Le gouvernement burkinabè a exprimé son vif mécontentement à la suite de l’adoption par le Parlement européen d’une résolution concernant le Burkina Faso ainsi que des déclarations tenues par l’eurodéputé français Christophe Gomart. Dans ce contexte, le ministre des Affaires étrangères, de la Coopération régionale et des Burkinabè de l’extérieur, Karamoko Jean Marie Traoré, a convoqué ce 22 juin l’ambassadeur et chef de la délégation de l’Union européenne à Ouagadougou, Philippe Bronchain.
À travers cette démarche diplomatique, les autorités burkinabè ont souhaité faire part de leur désapprobation face au contenu de la résolution européenne, qu’elles jugent éloignée des réalités du terrain et fondée sur des appréciations erronées de la situation nationale.

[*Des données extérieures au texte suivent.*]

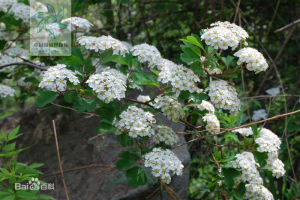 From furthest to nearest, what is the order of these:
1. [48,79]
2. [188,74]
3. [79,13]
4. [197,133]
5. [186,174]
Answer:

Lors de l’entretien, le chef de la diplomatie burkinabè a dénoncé des affirmations qu’il considère comme inexactes et déconnectées des efforts consentis par le pays dans la lutte contre l’insécurité. Il a rappelé que le Burkina Faso, aux côtés du Mali et du Niger, demeure fortement engagé dans la stabilisation de la région sahélienne face aux menaces sécuritaires persistantes.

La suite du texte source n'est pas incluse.